The overall theme of the North American International Auto Show is “sporty and futuristic,” and Audi did not disappoint.

    Recent Videos

  • German Car Brand Pronunciation

    Communicating Sheep - Pixabay - EuroDrift

    For years, people have been debating how to properly pronounce German car brands such as Audi, BMW, and Mercedes-Benz. For many of us, it was simply based on local letter sounds leading to a few varieties of how to say them properly. Now, a German YouTuber called Speed Comparer shared a video correcting the people of the world. The video not only discloses how to properly say German car brand names, it it overall quite hilarious. In this article, we will go over how to properly pronounce German car brands according to Speed Comparer.

    Audi

    For Audi, many people pronounce this wrong due to language sound basics. For instance, letters are pronounced different in English than German. The correct way to say Audi is “Ou-Dee”. The “Ou” sounds similar to saying “Ow” as if you were expressing a sudden pain. Saying “Aww-Dee” or “Auh-Dee” are incorrect according to the German language. Most people pronounce the first two letters of Audi incorrectly leading to the problem. Please note, it is harder to convey how a brand should sound via writing so I am doing my best to sound it out according to the video.

    BMW

    In the case of BMW, most people outside of Germany say literally “BMW”. In Germany, the “W” sounds different which leads to the real name sounding like “BMV”. “BMW” stands for “Bayerische Motoren Werke” which translates to “Bavarian Motor Works”. As expected, “Bayerische Motoren Werke” sounds more like “Buy-Er-Shurr Motoren Verker”. Again, hopefully you are able to sound it correctly from the text but please refer to the video just in case.

    Mercedes-Benz

    For Mercedes-Benz, most people say it exactly how it sounds “Mercedes-Benz” with a long sounded “Benz”. The real way to say this in German sounds like “Murrsaydees-Benz” where the “Benz” is very quickly stated. This is probably the least off-sounding pronunciation compared to the rest. Basically, stating “Mercedes-Benz” in German is much faster paced and sounds more direct to the point while in English it tends to drag on. This is also part of the reason many Americans will refer to Mercedes-Benz as simply “Benz”.

    Opel

    Opel, another German manufacturer, is another example of a mispronounced name. Most people say “O-Pall” while it should be “O-Pell!”. As stated, “Every booger drives an Opel”. Opel is not sold in the United States so it is less commonly spoke of, but still incorrectly. Speed Comparer refers to the Opel as a car for 16-17 year old girl.

    Porsche

    One of the most popular German brands, Porsche, is stated completely wrong by most Americans. In the U.S., most people state “Poor-Shh” while it is properly stated as “Poor-Shah”. You can also think of it as saying “Porscia” where the “c” sounds like a “sh”. You may be thinking that sounds like a girls name, but it is definitely one hell of a car.

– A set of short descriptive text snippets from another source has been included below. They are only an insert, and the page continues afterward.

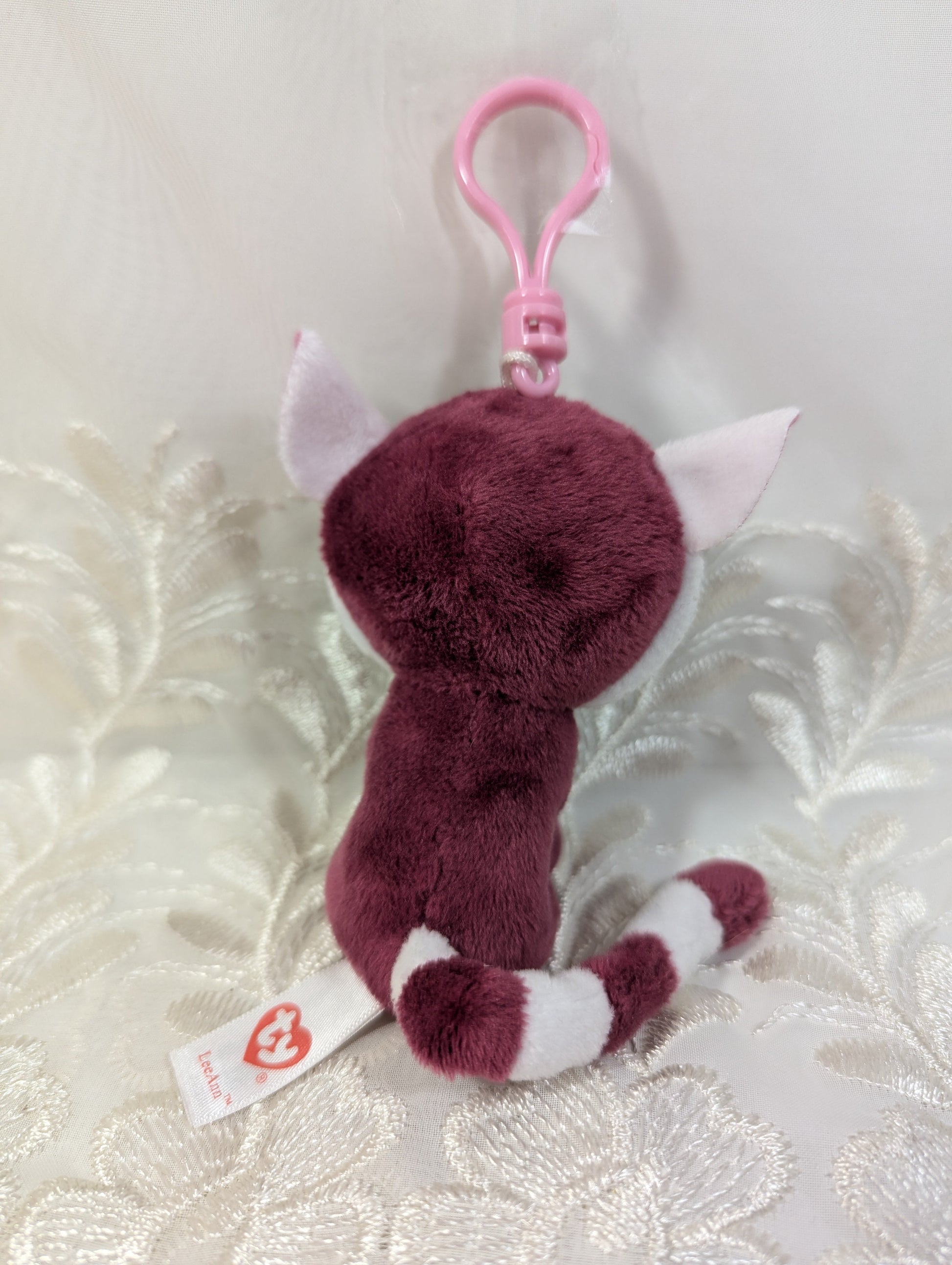 Ty Beanie Boo - LeeAnn The lemur (3.5 in) No Tag - Vintage Beanies Canada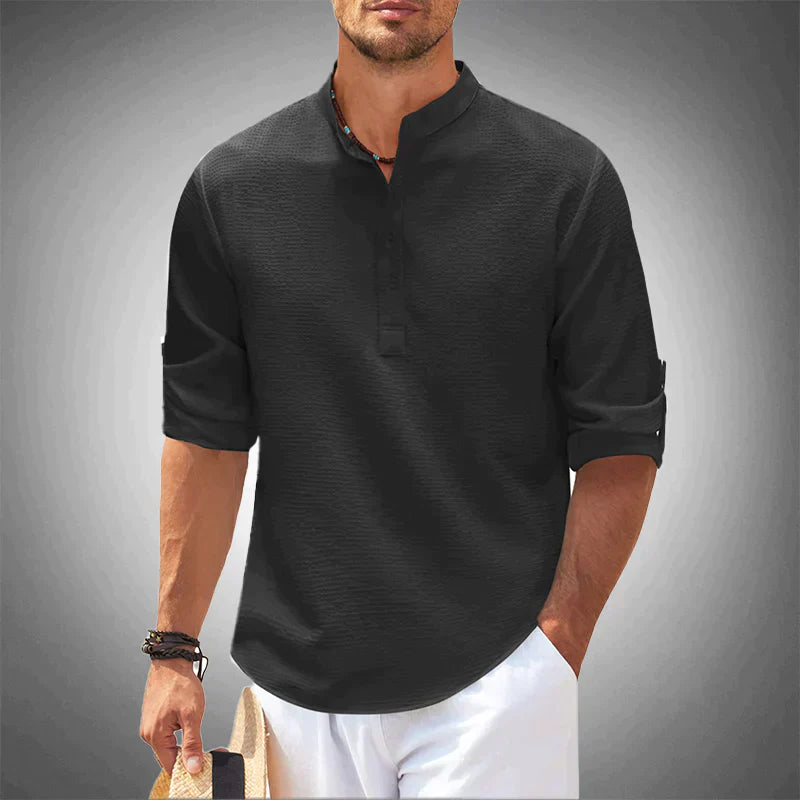 Brighton™ | Refined Classic Men's Dress Shirt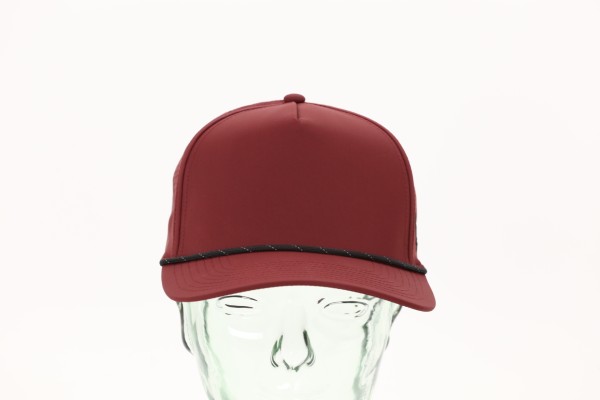Branded Bills Bare Curved Rope Cap - Embroidered 360 View
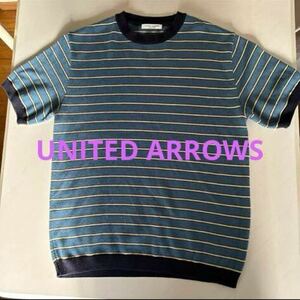 UNITED ARROWS ユナイテッドアローズ メンズ　サマー　セーター　メンズ　L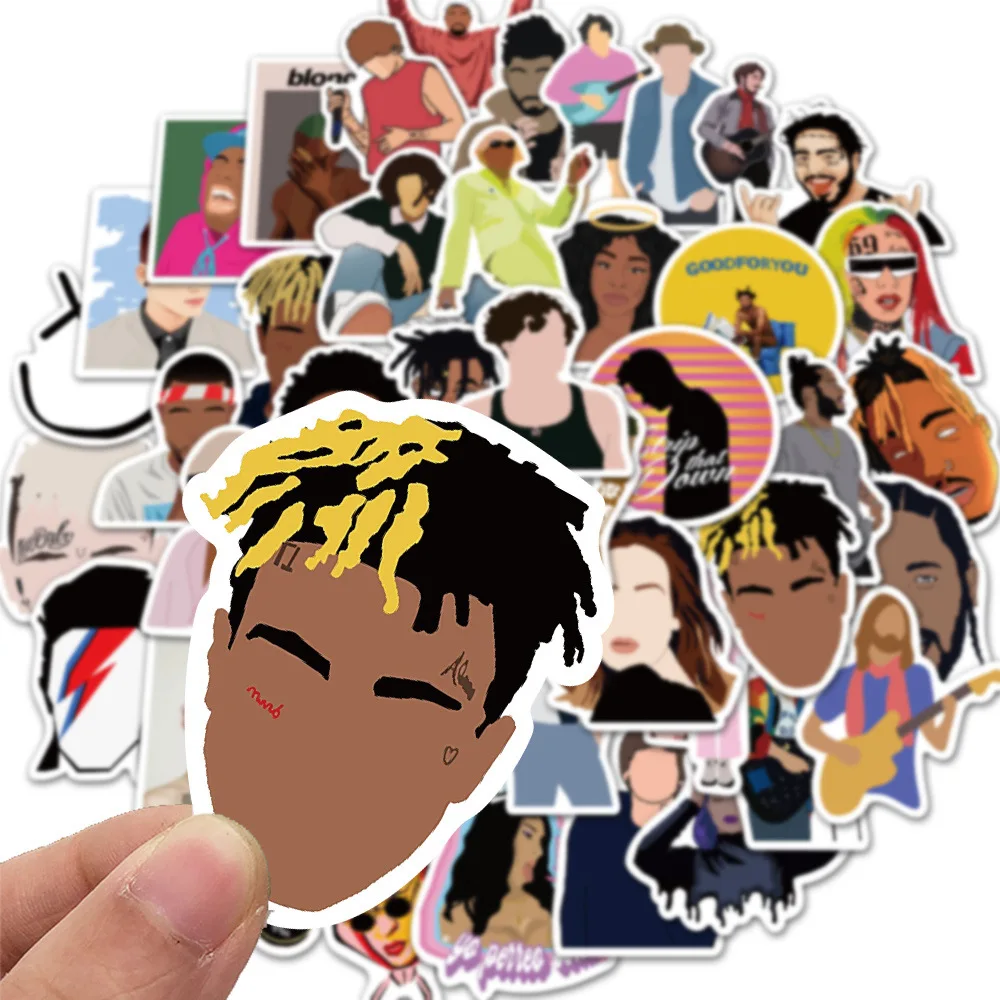 103050pcs rapper singer tyler the creator stickers skateboard guitar luggage laptop bike cool decal graffiti sticker kid toy free global shipping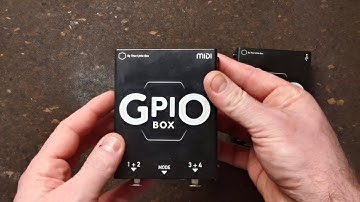 GpiO BOX demo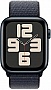- Apple Watch SE 2024 GPS 44mm Midnight Aluminium Case with Ink Sport Loop (MXEP3QH/A)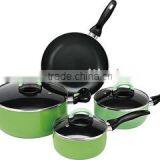 7 Pcs Aluminum(aluminium) Non Stick Cookware Set thumbnail-1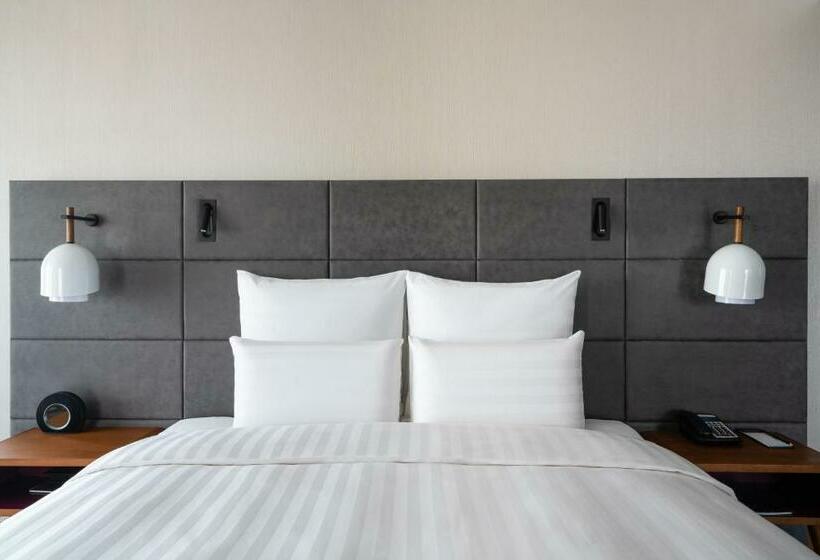 חדר דחוקס עם מיטת קינג, Pullman Baotou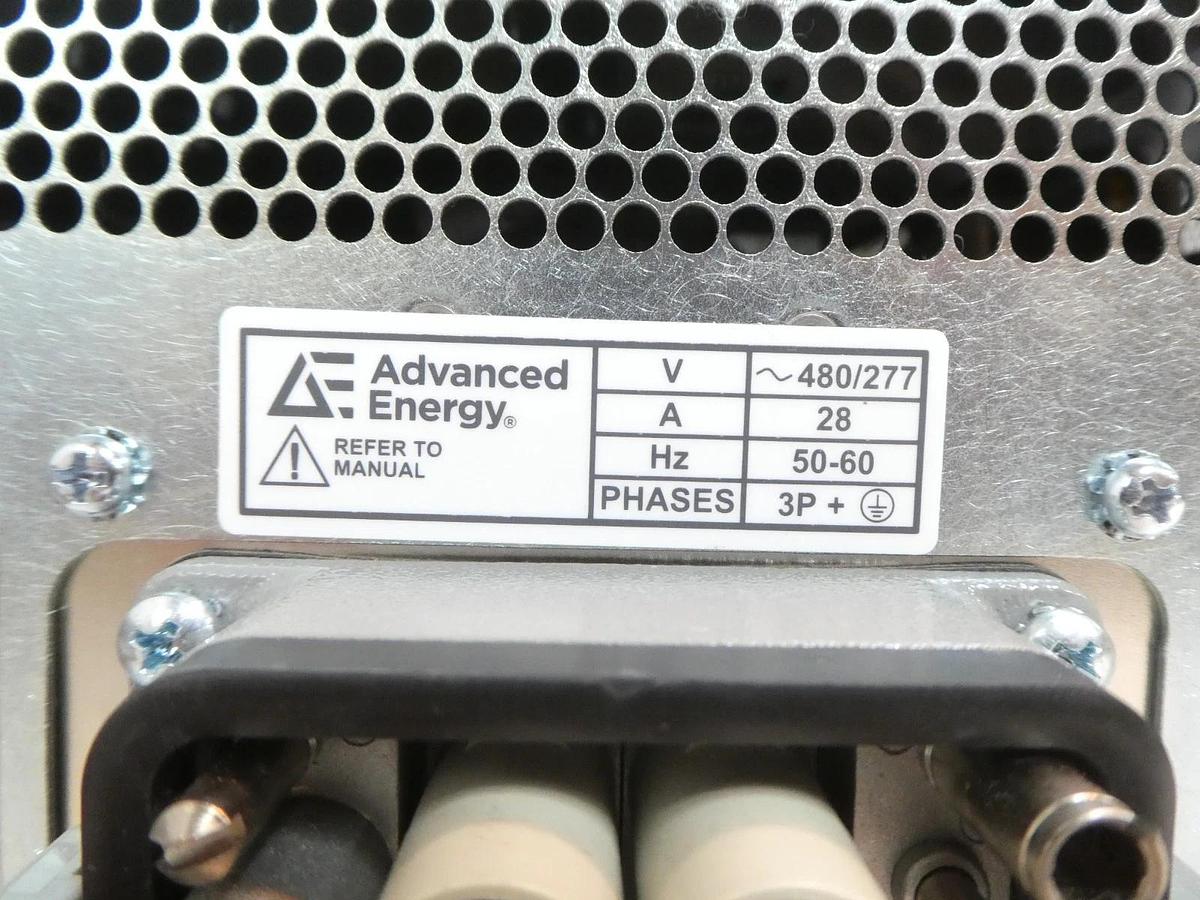 ASCENT AMS 20 AE Advanced Energy 31520020-631 20K Power Supply New Surplus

Porsches are a beautiful feat of engineering and stating the name properly should be the way it is.

    Volkswagen

    Lastly, Volkswagen, or VW, is another common mispronunciation. First, “VW” is pronounced like “Fahl-Vey”. This sounds completely different than speed in English but that is how it sounds. The entire name, “Volkswagen”, sounds like “Fahlkswagen”. The Volkswagen means the “car of the people”. This name probably has the biggest gap in mispronunciation due to letters sounding differently.

    Saying German Car Names Incorrectly is a Way of Life

    Overall, saying German car names incorrectly is a way of life in the U.S. and other parts of the world. This article is simply to bring to light the correct pronunciation of car names, whether you use them or not. Honestly, most people in the U.S. and other parts of the world will probably say your stating it wrong. But, in reality, the German way is how the names are properly stated. Hopefully, you found this article entertaining as well as received help on how to properly say German car brands.